Dans une récente contribution (Exportation d’électricité vers l’Europe. Quel intérêt pour l’Algérie ?) publiée dans El Watan, nous nous étions posé la question de savoir quel intérêt il y avait à exporter de l’électricité vers l’Europe au lieu d’exporter le gaz utilisé pour la produire.

Nous étions arrivés à la conclusion qu’un tel projet serait préjudiciable à l’économie du pays résultant en une perte sèche estimée à environ $2887 millions annuellement pour les 2000 MW/an prévus être exportés dans un premier temps. Cette perte ne manquera pas de s’accroître proportionnellement à l’accroissement des exportations.
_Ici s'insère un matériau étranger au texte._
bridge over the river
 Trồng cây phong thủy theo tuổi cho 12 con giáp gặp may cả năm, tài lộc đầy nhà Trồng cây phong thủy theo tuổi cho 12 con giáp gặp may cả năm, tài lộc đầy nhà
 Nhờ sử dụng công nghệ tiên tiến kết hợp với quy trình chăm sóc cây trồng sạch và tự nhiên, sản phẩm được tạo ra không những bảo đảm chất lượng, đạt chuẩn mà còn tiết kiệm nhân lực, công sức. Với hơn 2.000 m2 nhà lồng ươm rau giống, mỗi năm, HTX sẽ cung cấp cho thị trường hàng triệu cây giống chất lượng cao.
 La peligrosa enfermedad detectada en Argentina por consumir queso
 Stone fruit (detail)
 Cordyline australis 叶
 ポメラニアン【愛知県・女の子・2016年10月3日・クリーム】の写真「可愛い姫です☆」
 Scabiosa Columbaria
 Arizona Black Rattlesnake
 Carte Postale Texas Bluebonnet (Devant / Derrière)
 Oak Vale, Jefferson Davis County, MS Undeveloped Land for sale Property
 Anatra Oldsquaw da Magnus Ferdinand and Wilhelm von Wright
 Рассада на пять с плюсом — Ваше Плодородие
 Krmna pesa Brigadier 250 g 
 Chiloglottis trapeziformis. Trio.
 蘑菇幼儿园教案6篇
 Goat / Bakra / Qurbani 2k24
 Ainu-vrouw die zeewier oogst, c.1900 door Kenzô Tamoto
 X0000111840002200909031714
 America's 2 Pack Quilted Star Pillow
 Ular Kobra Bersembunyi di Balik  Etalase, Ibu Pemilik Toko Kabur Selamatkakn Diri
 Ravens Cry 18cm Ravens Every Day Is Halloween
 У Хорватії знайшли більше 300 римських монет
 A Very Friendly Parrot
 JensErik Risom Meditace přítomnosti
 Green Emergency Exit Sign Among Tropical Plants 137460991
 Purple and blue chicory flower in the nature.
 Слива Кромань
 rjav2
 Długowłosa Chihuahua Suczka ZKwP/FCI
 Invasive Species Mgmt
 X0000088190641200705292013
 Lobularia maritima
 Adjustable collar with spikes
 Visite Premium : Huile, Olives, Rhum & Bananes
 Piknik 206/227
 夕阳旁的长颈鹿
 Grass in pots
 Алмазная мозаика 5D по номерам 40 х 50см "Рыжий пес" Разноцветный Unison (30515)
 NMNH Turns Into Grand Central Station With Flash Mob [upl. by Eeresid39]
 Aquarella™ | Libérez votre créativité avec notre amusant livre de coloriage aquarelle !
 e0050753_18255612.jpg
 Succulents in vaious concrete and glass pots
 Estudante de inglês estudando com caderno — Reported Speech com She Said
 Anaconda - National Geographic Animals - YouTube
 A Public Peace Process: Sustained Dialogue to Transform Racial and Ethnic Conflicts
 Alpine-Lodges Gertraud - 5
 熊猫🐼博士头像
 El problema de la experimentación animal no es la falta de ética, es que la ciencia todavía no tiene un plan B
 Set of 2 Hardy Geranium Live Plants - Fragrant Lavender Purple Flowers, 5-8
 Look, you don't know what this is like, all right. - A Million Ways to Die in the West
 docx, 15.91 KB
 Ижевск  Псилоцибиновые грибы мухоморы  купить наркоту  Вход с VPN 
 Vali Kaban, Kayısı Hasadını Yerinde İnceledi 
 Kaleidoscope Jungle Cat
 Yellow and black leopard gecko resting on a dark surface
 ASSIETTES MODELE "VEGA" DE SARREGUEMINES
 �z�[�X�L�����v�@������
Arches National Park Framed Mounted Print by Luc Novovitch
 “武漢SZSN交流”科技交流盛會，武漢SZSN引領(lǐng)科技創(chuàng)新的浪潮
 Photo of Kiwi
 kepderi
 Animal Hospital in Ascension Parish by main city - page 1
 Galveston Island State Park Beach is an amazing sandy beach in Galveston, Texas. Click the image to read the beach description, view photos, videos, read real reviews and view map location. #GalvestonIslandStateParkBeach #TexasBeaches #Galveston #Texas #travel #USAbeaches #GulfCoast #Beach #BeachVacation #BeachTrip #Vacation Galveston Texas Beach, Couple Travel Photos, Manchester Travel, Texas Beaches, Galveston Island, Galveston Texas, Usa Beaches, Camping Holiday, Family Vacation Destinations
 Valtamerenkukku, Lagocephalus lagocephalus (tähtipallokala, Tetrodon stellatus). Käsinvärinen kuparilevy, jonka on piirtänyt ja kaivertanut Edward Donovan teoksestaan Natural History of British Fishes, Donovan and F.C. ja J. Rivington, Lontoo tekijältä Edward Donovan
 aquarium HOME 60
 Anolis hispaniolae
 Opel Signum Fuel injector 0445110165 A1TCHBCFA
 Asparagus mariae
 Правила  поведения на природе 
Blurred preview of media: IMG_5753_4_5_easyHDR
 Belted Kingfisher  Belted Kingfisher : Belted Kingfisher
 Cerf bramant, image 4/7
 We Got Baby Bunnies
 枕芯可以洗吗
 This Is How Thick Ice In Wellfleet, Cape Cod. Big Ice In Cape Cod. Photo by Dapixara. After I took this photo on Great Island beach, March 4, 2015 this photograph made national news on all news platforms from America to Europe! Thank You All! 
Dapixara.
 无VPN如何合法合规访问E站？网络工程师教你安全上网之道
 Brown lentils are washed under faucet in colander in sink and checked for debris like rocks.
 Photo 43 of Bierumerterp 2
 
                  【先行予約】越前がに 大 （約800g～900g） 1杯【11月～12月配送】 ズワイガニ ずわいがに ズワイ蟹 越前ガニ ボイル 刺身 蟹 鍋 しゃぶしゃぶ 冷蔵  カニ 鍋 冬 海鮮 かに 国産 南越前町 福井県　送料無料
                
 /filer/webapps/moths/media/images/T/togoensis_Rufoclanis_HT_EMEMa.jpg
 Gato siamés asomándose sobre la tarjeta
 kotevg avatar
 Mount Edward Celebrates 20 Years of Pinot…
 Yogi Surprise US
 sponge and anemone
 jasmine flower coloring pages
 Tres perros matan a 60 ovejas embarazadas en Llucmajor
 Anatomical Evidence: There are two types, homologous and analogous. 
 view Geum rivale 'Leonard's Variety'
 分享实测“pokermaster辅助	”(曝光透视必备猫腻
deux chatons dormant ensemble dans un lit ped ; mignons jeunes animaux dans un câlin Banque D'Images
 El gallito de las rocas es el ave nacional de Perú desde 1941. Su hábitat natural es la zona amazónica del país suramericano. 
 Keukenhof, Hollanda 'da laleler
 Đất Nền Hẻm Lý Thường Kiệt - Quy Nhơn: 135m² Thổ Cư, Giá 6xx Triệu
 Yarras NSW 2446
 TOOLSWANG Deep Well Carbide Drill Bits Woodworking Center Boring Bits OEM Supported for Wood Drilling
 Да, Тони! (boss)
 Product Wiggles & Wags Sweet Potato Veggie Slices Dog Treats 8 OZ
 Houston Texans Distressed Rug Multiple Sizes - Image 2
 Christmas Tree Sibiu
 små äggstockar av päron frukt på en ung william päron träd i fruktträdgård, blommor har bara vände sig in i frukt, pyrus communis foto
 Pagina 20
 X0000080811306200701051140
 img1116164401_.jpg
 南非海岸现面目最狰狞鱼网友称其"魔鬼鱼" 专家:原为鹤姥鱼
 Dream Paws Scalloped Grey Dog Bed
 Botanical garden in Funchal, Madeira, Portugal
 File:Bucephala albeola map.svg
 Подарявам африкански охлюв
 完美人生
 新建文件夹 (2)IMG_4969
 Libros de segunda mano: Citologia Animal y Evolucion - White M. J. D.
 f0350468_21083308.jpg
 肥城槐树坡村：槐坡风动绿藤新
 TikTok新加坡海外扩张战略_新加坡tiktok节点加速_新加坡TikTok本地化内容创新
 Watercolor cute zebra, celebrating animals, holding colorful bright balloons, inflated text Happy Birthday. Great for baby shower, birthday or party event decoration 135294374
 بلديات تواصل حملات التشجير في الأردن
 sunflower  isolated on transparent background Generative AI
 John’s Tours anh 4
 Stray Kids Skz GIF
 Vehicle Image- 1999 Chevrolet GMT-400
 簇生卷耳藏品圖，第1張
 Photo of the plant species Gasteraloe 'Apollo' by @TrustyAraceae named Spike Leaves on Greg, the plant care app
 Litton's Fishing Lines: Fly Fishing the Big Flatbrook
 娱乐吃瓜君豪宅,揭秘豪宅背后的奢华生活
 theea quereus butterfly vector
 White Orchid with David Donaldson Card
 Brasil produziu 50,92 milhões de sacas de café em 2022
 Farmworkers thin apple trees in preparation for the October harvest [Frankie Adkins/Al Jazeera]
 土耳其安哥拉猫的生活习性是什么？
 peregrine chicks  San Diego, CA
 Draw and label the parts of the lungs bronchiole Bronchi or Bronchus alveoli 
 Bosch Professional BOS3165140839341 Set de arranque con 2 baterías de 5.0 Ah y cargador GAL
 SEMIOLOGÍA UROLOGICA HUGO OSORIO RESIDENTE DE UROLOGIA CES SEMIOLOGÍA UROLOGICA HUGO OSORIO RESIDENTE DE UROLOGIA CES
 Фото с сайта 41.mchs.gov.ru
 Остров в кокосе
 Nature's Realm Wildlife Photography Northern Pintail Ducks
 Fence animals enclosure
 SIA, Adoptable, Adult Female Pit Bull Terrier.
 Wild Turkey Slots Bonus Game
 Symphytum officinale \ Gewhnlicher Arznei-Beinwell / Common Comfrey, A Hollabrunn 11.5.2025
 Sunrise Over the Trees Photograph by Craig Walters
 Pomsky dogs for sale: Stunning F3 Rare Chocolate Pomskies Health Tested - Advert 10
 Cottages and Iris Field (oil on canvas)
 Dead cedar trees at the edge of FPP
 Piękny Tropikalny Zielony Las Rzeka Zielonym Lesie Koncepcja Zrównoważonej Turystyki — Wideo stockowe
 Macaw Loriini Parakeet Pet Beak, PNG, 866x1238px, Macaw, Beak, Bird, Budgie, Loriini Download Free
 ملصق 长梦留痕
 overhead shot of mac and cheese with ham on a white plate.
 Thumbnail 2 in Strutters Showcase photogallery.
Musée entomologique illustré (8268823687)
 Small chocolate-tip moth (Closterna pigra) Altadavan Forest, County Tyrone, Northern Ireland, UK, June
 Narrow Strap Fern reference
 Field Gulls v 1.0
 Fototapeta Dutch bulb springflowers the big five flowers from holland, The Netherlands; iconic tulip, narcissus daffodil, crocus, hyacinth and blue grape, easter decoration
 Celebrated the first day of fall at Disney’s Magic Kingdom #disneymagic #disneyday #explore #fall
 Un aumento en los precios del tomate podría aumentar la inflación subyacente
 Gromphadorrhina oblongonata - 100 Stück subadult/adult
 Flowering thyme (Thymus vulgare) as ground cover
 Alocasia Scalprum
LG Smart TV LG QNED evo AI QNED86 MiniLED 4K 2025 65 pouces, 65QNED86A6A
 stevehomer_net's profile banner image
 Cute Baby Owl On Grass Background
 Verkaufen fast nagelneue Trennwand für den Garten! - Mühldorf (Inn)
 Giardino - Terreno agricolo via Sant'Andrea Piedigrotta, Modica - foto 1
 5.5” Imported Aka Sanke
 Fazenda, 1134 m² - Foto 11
L’Algérie a décidé d’aller encore plus loin en envisageant de développer et d’exporter vers l’Europe d’importantes quantités l’hydrogène vert (H2 vert). Elle a décidé, pour commencer, de construire un pilote de 50 MW et il est question d’en ajouter trois autres de plus. En outre, un programme de développement est prévu se dérouler selon une feuille de route en trois phases avec l’ambition de produire 1,6 million de tonnes/an d’H2 vert en 2040 et d’en exporter jusqu’à 1, 3 million de tonnes/an (déclaration d’un responsable à la radio).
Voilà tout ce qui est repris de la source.